The first of them, subtitled “Gran Partita,” is clearly the meatier of the two, having long movements with quite complex development, unusual for a work clearly intended to be entertaining. According to Roger Hellyer, this one was written as a wedding day present for his new bride, Constanze, but the program of the actual wedding day festivities is somewhat confused and it is uncertain that this fairly long work (it lasts a full 50 minutes) was actually performed at that time (August 4, 1782). Its first public performance wasn’t until nearly two years later, on March 23, 1784.

This serenade, which uses a double bass in some sections (lightly played but audible), opens with a fairly light, jolly first movement but turns more serious in the first minuet, which lasts almost nine minutes. This has a much more complex development section than one normally finds in such pieces, including several transpositions into the relative minor. The second minuet features a surprisingly dark-sounding theme in the minor and some surprising extended harmonic clashes, as well as audible pizzicato bass playing in the background. The full serenade includes seven movements, the sixth being an even more complex “theme and variations” that runs over 10 minutes.  One of the most striking features of this work is the way Mozart scored it, using the higher winds (flutes and clarinets) to play the melodic lines (and variants) while the horns and bassoons were used like a brass section. Happily, Mantas conducts this with a light hand, so to speak, giving the music a nice rhythmic springiness throughout. He also takes the Adagio at a true adagio tempo, which is a  bit quicker than an Andante and certainly faster than a Largo, which is how many older conductors interpreted Mozart Adagios in general (think of Bruno Walter or Karl Böhm).

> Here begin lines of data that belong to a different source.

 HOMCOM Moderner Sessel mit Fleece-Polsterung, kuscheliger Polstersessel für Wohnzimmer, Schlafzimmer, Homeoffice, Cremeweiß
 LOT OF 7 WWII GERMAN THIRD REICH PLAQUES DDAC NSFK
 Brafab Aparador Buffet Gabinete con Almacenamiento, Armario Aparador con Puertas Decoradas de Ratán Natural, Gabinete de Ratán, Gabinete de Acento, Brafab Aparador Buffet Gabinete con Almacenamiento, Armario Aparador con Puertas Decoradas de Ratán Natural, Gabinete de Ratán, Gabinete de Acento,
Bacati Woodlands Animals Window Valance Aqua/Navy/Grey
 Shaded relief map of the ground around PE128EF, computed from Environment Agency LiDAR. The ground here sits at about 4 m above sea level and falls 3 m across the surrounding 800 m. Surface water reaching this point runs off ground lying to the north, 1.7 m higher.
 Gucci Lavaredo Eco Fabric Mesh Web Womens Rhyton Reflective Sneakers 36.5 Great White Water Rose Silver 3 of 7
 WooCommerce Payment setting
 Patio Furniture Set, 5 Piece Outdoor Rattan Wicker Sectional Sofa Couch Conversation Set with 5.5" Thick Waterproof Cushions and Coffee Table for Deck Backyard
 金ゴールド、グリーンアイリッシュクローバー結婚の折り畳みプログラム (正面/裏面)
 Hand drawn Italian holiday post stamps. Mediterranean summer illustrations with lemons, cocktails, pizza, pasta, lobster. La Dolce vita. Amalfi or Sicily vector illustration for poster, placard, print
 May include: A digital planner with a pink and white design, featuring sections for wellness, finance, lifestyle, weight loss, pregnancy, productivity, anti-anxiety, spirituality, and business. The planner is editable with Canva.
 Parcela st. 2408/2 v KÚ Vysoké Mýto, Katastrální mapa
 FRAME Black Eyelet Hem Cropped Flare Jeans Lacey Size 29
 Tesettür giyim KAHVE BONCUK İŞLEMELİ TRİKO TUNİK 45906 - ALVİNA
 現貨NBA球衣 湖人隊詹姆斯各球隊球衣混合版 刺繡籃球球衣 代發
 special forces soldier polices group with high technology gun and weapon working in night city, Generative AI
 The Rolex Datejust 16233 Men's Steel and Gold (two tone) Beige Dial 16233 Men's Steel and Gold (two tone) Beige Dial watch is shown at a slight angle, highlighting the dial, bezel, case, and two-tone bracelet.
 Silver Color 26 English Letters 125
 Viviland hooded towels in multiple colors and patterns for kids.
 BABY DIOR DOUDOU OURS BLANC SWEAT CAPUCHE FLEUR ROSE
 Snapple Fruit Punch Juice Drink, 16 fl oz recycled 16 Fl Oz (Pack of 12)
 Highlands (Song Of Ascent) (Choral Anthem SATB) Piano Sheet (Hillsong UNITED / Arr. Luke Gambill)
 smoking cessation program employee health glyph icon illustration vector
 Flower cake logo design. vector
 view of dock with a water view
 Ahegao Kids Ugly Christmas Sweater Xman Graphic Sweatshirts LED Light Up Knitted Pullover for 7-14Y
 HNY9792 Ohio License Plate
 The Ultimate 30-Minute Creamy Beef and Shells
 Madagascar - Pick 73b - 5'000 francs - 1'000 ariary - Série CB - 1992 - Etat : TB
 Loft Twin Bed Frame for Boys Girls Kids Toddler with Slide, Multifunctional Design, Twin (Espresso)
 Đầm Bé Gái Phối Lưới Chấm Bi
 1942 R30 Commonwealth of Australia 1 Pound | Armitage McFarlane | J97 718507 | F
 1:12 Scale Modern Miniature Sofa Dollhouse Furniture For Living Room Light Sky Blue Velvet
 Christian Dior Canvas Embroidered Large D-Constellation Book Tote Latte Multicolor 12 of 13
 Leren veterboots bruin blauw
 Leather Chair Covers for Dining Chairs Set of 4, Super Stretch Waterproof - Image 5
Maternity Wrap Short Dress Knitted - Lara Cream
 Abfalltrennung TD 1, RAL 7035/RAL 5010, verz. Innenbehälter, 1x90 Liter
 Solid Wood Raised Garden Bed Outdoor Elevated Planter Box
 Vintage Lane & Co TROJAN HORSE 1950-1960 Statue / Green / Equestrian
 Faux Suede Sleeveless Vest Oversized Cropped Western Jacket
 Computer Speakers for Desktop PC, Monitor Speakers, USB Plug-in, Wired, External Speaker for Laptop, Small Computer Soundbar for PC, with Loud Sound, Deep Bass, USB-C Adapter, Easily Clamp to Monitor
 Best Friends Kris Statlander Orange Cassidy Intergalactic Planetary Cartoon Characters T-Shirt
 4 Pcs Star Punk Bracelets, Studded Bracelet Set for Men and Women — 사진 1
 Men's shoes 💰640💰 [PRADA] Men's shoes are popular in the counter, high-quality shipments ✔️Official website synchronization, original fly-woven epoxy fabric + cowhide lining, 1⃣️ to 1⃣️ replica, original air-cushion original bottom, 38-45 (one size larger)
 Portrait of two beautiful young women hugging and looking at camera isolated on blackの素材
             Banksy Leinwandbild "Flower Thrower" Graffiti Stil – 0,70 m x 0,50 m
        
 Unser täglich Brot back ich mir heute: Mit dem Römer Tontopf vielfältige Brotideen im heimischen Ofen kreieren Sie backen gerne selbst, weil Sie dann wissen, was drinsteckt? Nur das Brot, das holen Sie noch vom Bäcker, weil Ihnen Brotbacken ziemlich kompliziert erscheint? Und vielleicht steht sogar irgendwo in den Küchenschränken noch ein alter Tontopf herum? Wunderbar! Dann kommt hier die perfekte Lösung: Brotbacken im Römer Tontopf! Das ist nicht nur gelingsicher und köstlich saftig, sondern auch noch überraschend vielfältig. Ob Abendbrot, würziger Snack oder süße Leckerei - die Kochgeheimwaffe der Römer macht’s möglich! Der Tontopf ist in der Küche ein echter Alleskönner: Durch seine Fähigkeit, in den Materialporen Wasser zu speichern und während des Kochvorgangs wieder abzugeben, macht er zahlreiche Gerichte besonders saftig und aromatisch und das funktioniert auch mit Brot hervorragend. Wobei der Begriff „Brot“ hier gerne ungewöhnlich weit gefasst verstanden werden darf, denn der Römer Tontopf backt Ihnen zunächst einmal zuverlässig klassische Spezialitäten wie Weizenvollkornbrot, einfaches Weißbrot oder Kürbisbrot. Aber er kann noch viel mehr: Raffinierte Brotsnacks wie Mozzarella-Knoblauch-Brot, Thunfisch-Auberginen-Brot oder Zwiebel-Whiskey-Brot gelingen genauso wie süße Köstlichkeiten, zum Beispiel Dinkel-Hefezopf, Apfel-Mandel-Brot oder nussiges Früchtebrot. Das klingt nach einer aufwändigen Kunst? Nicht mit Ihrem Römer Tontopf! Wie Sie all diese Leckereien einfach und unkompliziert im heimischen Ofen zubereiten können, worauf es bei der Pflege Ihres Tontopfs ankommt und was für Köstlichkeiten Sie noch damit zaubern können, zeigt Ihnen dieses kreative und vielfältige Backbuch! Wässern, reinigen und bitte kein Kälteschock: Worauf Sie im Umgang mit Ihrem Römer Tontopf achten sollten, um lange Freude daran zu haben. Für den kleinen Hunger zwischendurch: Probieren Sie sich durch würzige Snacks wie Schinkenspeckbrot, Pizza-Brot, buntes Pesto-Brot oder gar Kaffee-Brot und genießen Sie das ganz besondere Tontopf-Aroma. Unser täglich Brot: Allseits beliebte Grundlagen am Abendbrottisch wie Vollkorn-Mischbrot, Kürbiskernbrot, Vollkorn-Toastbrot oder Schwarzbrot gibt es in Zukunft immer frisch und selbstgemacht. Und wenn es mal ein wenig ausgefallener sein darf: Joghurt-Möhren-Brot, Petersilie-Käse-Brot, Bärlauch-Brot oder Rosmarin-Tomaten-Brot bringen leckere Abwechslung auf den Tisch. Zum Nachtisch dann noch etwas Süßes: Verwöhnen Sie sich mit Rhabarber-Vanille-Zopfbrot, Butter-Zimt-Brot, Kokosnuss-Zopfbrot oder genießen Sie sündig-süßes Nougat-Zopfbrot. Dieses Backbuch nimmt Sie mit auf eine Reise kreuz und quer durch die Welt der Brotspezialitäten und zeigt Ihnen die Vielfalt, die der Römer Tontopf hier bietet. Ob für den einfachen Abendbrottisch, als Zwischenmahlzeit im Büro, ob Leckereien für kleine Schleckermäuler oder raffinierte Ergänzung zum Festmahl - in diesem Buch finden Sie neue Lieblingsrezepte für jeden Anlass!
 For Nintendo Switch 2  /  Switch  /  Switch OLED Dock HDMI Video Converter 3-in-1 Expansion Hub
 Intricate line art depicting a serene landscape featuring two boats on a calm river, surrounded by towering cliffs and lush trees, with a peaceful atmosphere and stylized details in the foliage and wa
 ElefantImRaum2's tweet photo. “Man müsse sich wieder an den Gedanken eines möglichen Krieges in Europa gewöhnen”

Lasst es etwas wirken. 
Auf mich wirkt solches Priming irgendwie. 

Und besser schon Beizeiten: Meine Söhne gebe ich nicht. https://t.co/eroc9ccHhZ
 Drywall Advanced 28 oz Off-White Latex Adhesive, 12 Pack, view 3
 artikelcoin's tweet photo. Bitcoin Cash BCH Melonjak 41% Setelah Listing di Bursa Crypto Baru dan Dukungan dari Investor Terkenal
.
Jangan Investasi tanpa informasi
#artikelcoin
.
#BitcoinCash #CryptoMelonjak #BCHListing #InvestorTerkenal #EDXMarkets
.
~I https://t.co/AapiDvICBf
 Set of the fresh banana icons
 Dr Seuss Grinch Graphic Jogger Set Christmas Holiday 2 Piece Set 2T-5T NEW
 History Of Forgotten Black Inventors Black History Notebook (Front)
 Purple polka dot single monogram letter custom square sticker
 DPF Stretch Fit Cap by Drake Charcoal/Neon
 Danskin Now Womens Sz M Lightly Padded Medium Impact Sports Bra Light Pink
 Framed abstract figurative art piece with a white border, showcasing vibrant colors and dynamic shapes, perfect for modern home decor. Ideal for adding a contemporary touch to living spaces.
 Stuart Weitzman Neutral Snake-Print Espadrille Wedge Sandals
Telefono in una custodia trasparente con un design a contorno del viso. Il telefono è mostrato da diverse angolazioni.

The Serenade K. 375, of which this is the first complete and corrected recording, had an odd history. Originally written for a sextet (two each of clarinets, bassoons and horns), Mozart expanded it to an octet the next year, adding two oboes and making some alterations to the score, particularly in the Finale where he added seven bars of recapitulation to the rondo’s main theme. But somehow, when the score was published, it omitted the second minuet. Even more curious, only the odd-numbered movements were found in manuscript form in Mozart’s own hand, the even-numbered ones being written by some unknown copyist, and in the 1950s musicologist Karl Haas discovered that bar 19 of the second minuet was faulty and “the score only makes sense when this bar is cut out.” This score also left out the second trio. Haas fixed both problems and recorded the corrected version of that minuet himself (in the sextet version), but did not live to record the complete serenade as amended.

But we’re talking about a less “serious” Mozart work here, not as complex as the other Serenade. Although it is well-crafted with some surprisingly sober-sounding themes and transpositions here and there, the winds play many more mundane scale passages which to my ears are merely functional and not really inspired. It is much more a piece designed for entertainment, although Mantas conducts it with energy and commitment.

The EU Chamber Orchestra Wind Octet plays with energy as well as a clean line with bright sonorities. All in all, a very fine disc.